[Work required]: Retype the records below word for word and omit any image.

[Records for this exercise]:
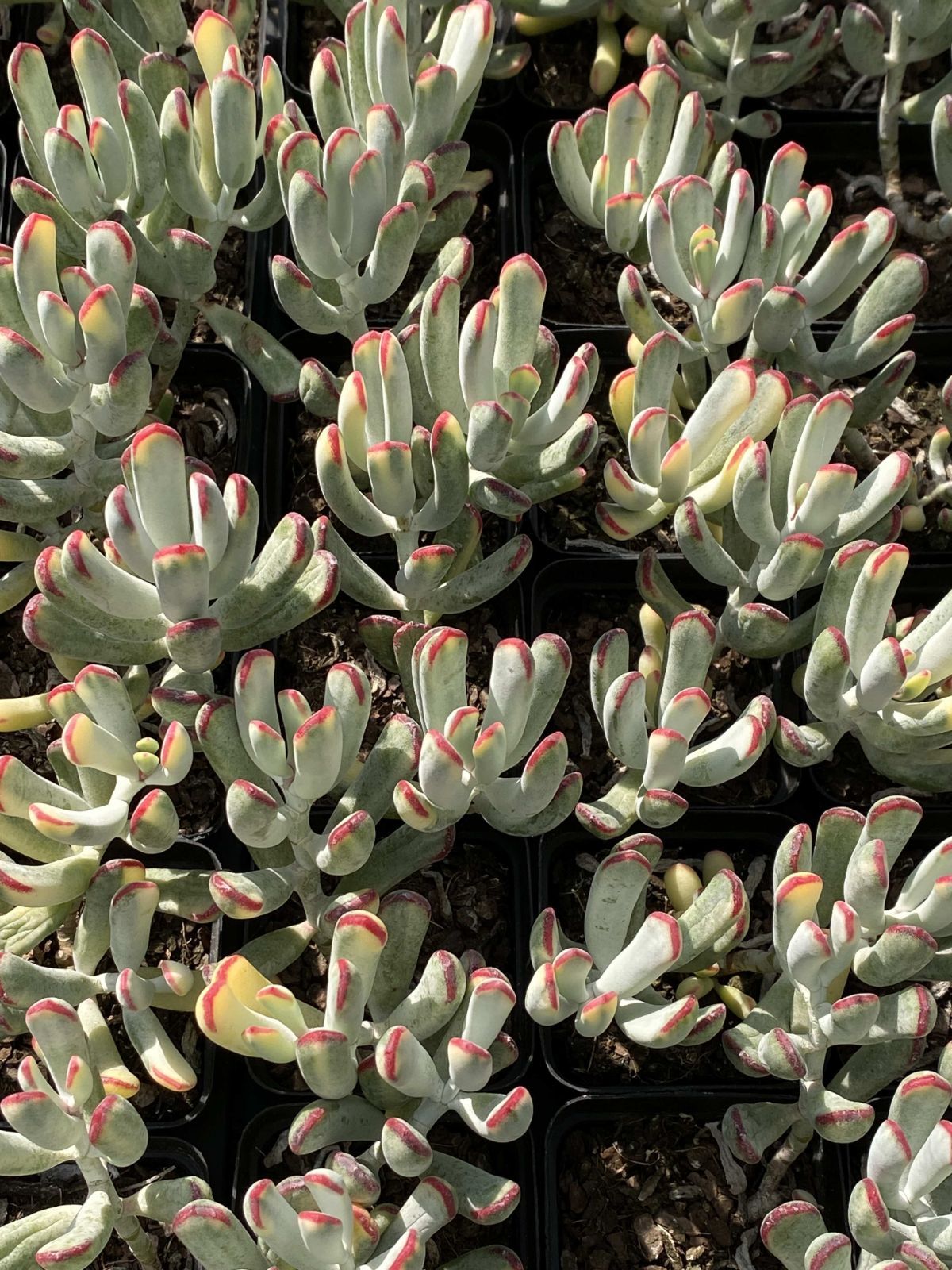 多肉植物 Z2516 ボールヨウフクジョウ 50株 抜き苗 エケベリア セダム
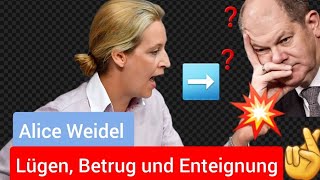 💔quotLügen Betrug und Enteignung Warum Deutschland zum Opfer seiner eigenen Regierung wirdquot 💥 AfD [upl. by Atiluap483]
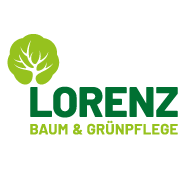 Baum Lorenz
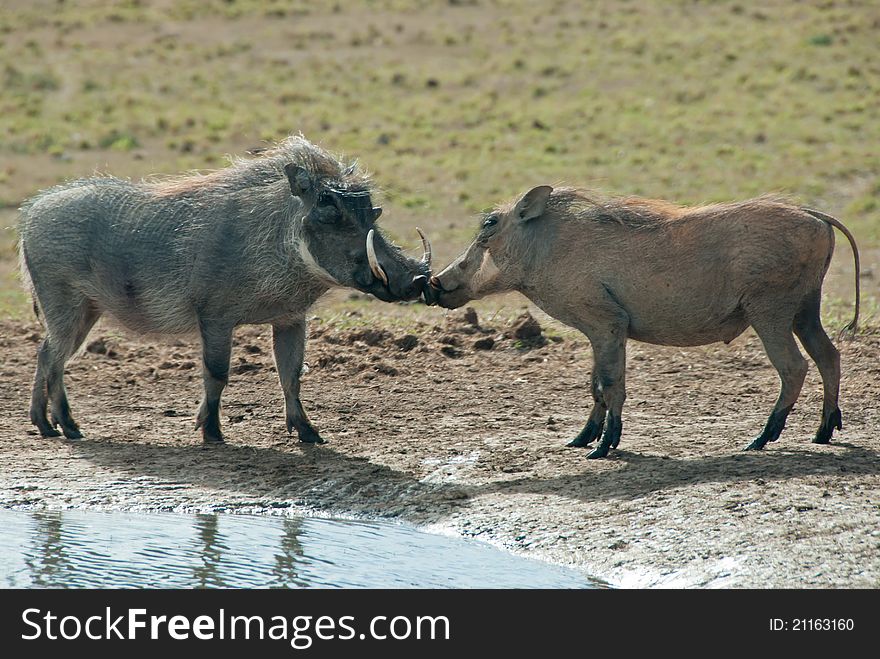 Warthogs touching mouth next to a water hole, South Africa. Warthogs touching mouth next to a water hole, South Africa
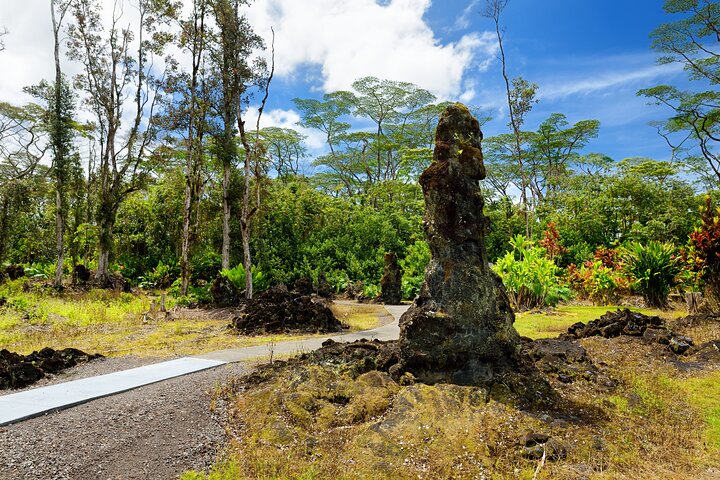 Excursión en tierra de Hilo : Volcán Safari Cuevas de lava & Arena Negra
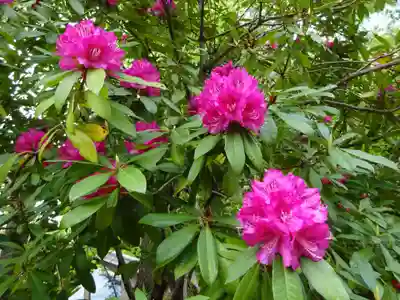 野津田薬師堂(福王寺)の自然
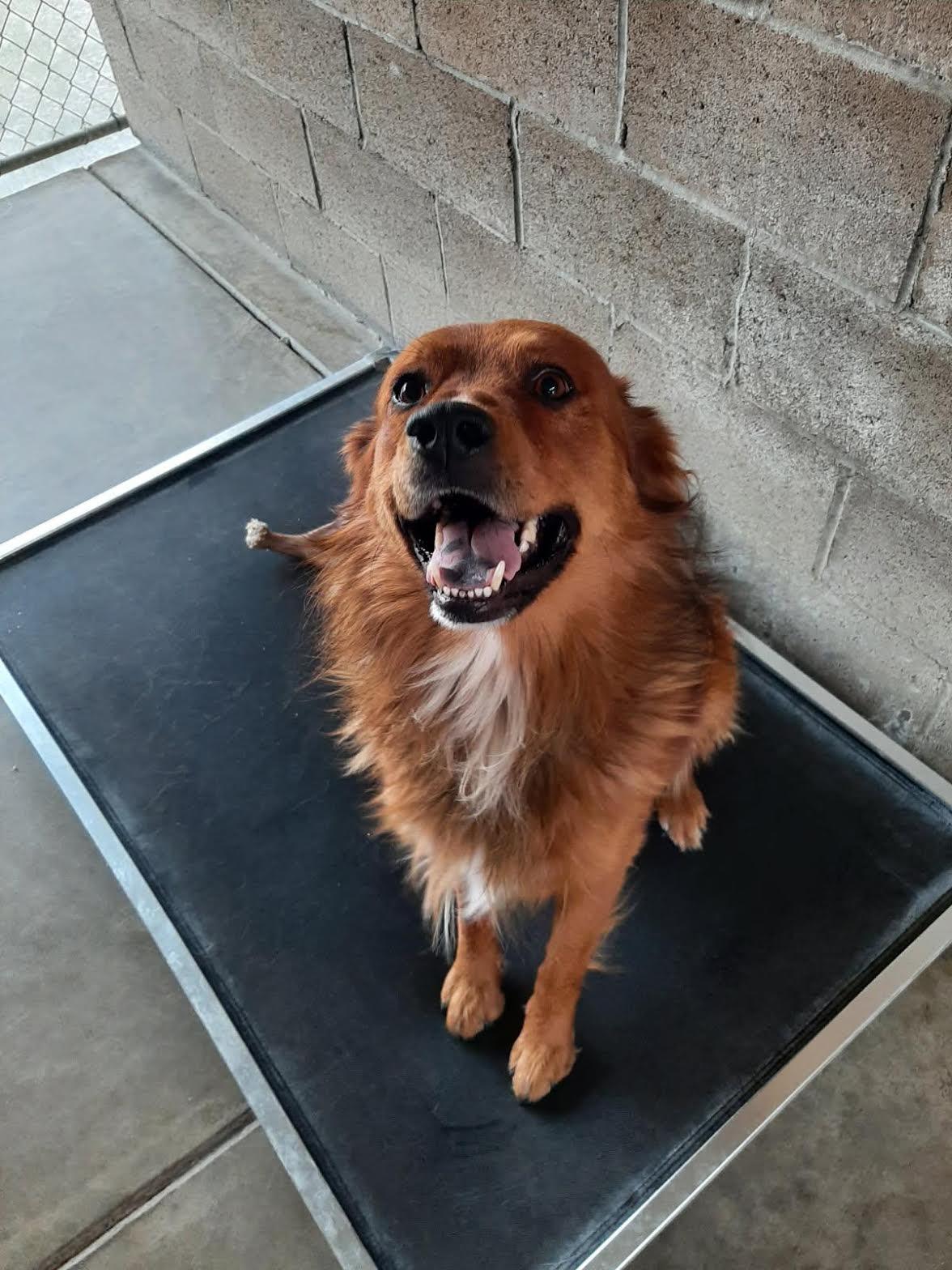 Enlarge Charley (was Jac)k), a ADOPTABLE mixed breed in Marina del Rey, CA image 1/2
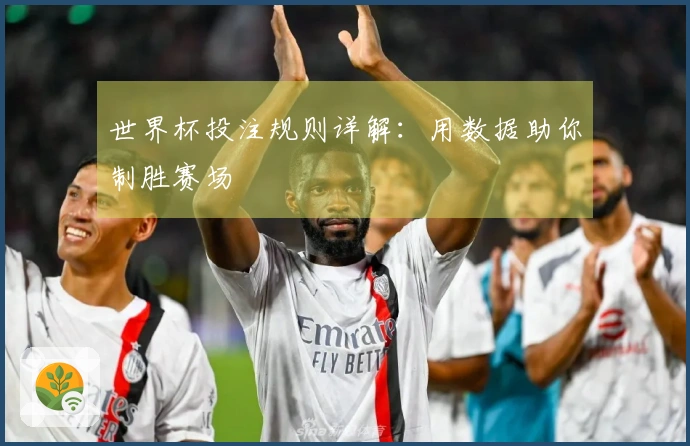 世界杯投注规则详解：用数据助你制胜赛场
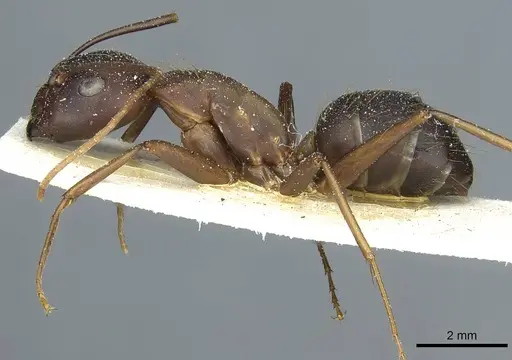 Camponotus indicatus - CASENT0912043
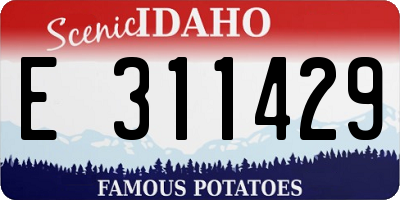 ID license plate E311429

[Answer to the exercise]:
 多肉植物 Z2516 ボールヨウフクジョウ 50株 抜き苗 エケベリア セダム
 💔quotLügen Betrug und Enteignung Warum Deutschland zum Opfer seiner eigenen Regierung wirdquot 💥 AfD [upl. by Atiluap483]
 Baum Lorenz
 Warthogs touching mouth next to a water hole, South Africa. Warthogs touching mouth next to a water hole, South Africa
 Excursión en tierra de Hilo : Volcán Safari Cuevas de lava & Arena Negra
 野津田薬師堂(福王寺)の自然
 Enlarge Charley (was Jac)k), a ADOPTABLE mixed breed in Marina del Rey, CA image 1/2
 世界杯投注规则详解：用数据助你制胜赛场
 Camponotus indicatus - CASENT0912043
 ID license plate E311429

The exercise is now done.